Jesus’ great sermons are a summons to faithful discipleship in the real world,
prefaced by announcement of our prior blessing by God (Matt 5:1–7:29; Luke
6:17-49). Consider Matthew’s carefully calibrated parables of surprise: anger
at God’s promiscuous generosity (Matt 20:1-16), shock that Jesus expects us to
love others as we profess to love him (25:31-46). Moralism
is a heartless scold, a homiletical whip that stings
others for their faithlessness. Gracious preaching regards God’s needy children
with merciful eyes: with Mary and Zechariah, Simeon and Anna, the preacher
glorifies the Lord and blesses
those yearning for joy (Luke 1:46-55, 68-79; 2:29-38).
Woe to you who despair of your vocation,
forgetting that the power of preaching finally resides with God, not with you.
No preacher, however skilled or dedicated, should expect a world beguiled by
coarse entertainment, political cynicism, and other cheap cheats to unanimously
acclaim “the word of the cross” (1 Cor 1:18–2:16).
Whenever the devil crouches at your door, reread the parables of sowing (Mark
4:1-34). Remember that your job is to plant what you cannot germinate: seeds
that grow in secret, invisibly, and find root in a mere fraction—yet bloom
there beyond calculation.
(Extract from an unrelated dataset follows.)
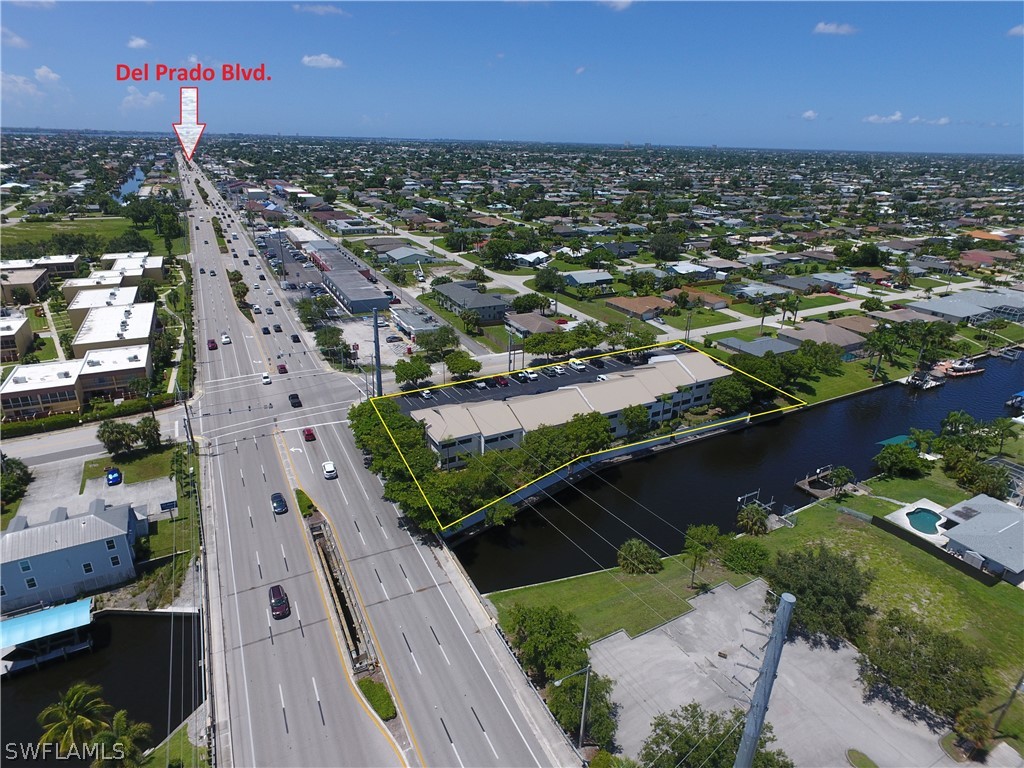2804 Del Prado Blvd S Property Photo 5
As with silver-tongued Apollos
(Acts 18:24-28) and Paul, who by his own admission could not preach his way out
of a paper sack (2 Cor 11:6), so too with us: one
plants, another waters, but God alone gives growth (1 Cor
3:6).
By C. Clifton Black, Otto A. Piper
Professor of Biblical Theology at Princeton Theological Seminary, an ordained
minister of The United Methodist Church, and editor of the New Testament
Library (Westminster John Knox).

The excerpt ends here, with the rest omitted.